Polycarbonate & Lexan
Polycarbonate is a thermoplastic that is made from a synthetic poly resin and contains a carbonate-rich chemical composition. Polycarbonate, by itself, is a clear resin that is used as the primary component in helmet visors, greenhouse windows, eyeglass lenses, and medical optics.
General Electric has trademarked its polycarbonate formulation and markets it as Lexan. Sometimes you will see checkboxes to purchase helmets made of Lexan.
Polycarbonate mixtures offer better impact resistance than ABS, so if you don’t mind the extra weight, this is a good option.
Advanced Thermoset Rein (ATR),
The only difference between thermoplastics is the way they harden and cure. Thermoplastics can cure and harden naturally (without the need to add curing agents) when they cool.
A curing agent, usually an epoxy or polyurethane (or other ingredients), must be added to thermosets in order to cause a chemical reaction that allows the plastic to harden.

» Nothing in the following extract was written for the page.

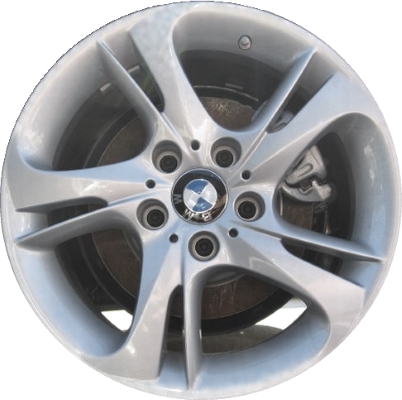 BMW Z4 2009-2016 powder coat silver 17x8 aluminum wheels or rims. Hollander part number ALY71352, OEM part number 36116785248.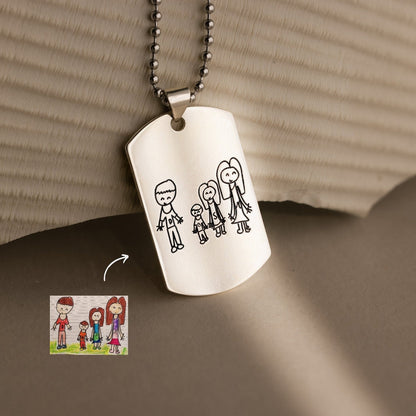 Men's Dog Tag Necklace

After adding the epoxy, the mix can be heated and forced into an injection mold.
Once the chemical reaction completes and the helmet shell sets, it’s final. It can’t be melted down again and reformed as thermoplastics. Thermosets can be considered one of the tougher types.
While it’s obvious that you should get the best helmet for your budget, not all people can afford the best. And if you are residing in Australia search Shoei Helmets Australia.